# Skins Game, Royal City Bowman



## reroth (Feb 7, 2006)

We're having a Skins Game March 29 2009
20 targets
Format is;
pick teams of 3 
teams decide on what they are playing for, .05 cents to whatever
shooter picks where they shoot from per target (take turns)
start time is 10am
$8.00 to play
prize to the highest skin winner
after, if a non member wants to go through the course again $5.00
bring your lunch, pop and a BBQ will be available
call Rick for more info
519-836-7306


----------



## 3D-GURU (Apr 1, 2003)

Rick;

This sounds like a lot of fun. I would assume we will need rubber boots of course though!!!!!

Do we need to bring our own team, or will they be chosen there??

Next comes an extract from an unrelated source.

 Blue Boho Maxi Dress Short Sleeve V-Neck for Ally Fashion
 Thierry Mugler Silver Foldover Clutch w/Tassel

I know it says to call, but maybe alot of people's questions could be answered here to save the same call over and over.

Thanks,

Rob


----------



## reroth (Feb 7, 2006)

Hi
yep, you will need boots
pick your teams when you get there, should be lots of fun

Rick


----------



## reroth (Feb 7, 2006)

Hi Everone
had a blast today (lots of rain though)
Andy won the skins with 14, shooting Trad. (congrats)
heard lots of laughter on the course, despite the rain, and thats what it is all about
thanks to the guys from Walkerton/Mount Forest who came to play
take care and good shooting

Rick


----------



## Bigjono (Apr 21, 2009)

Is Royal City still going. I can't find their website.


----------



## reroth (Feb 7, 2006)

Yes, Royal City is going
I'll check our web site

Rick


----------



## mhlbdonny (Jul 15, 2008)

*skins*

Is this shoot over or is it in 2010?


----------



## reroth (Feb 7, 2006)

this shoot was in 2009
may have one again in March 2010
Rick


----------